- Date: 24–30 July
- Edition: 33rd
- Category: ATP Tour 250
- Draw: 28S / 16D
- Prize money: €562,815
- Surface: Clay
- Location: Umag, Croatia

Champions

Singles
- Alexei Popyrin

Doubles
- Blaž Rola / Nino Serdarušić
- ← 2022 · Croatia Open · 2024 →

= 2023 Croatia Open Umag =

The 2023 Croatia Open Umag, also known as the Plava Laguna Croatia Open Umag (for sponsorship reasons), was a men's tennis tournament played on outdoor clay courts. It was the 33rd edition of the Croatia Open, and part of the 250 Series of the 2023 ATP Tour.
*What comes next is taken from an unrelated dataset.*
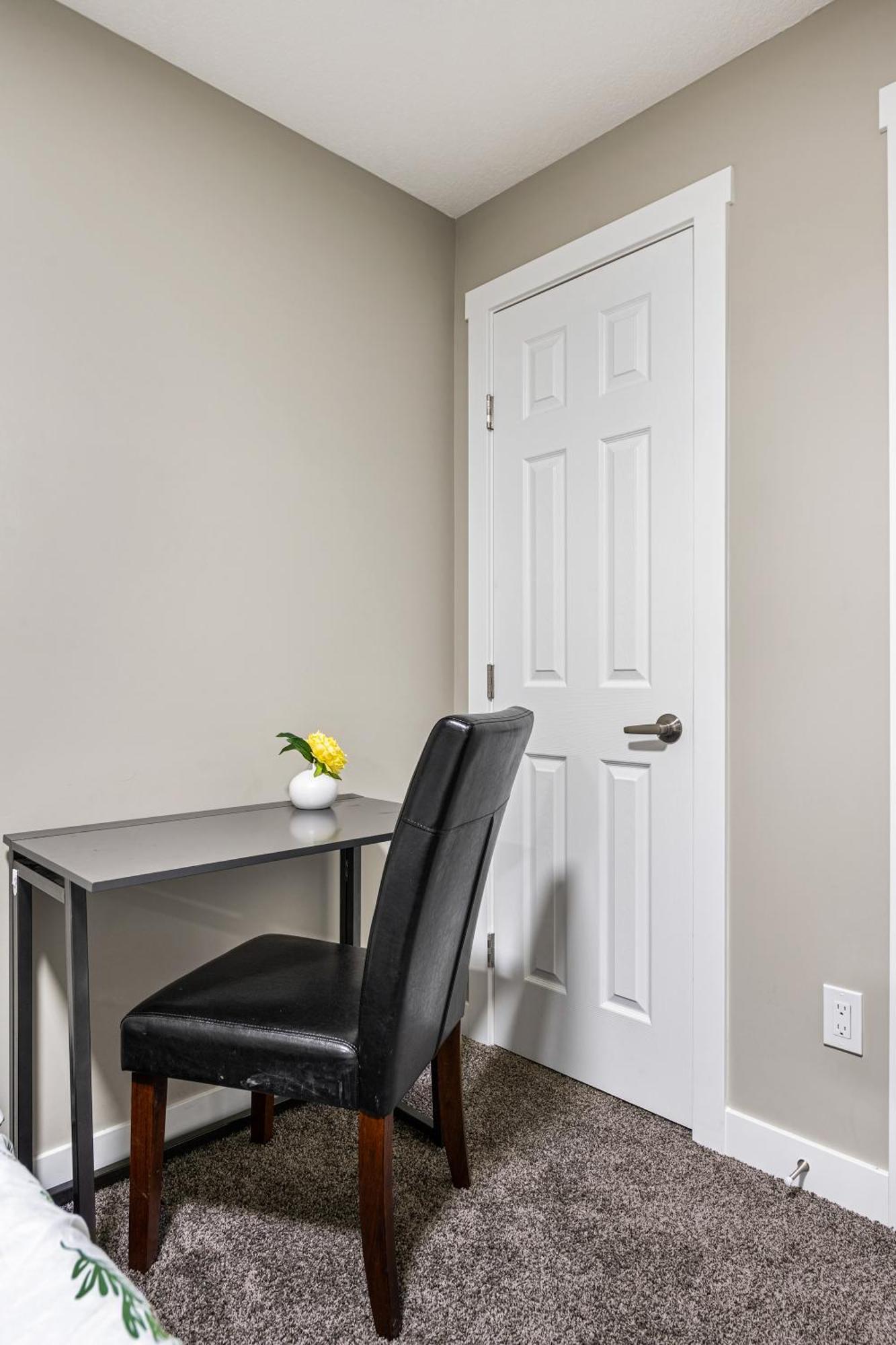 Modern 2 Bedroom Basement Suite With Laundry YYC Exteriér fotografie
It took place at the International Tennis Center in Umag, Croatia, from 24 through 30 July 2023. Unseeded Alexei Popyrin won the singles title.

== Finals ==

=== Singles ===

AUS Alexei Popyrin defeated SUI Stan Wawrinka, 6–7^{(5–7)}, 6–3, 6–4
- It was Popyrin's only singles title of the year and the 2nd of his career.

=== Doubles ===

SLO Blaž Rola / CRO Nino Serdarušić defeated ITA Simone Bolelli / ITA Andrea Vavassori, 4–6, 7–6^{(7–2)}, [15–13]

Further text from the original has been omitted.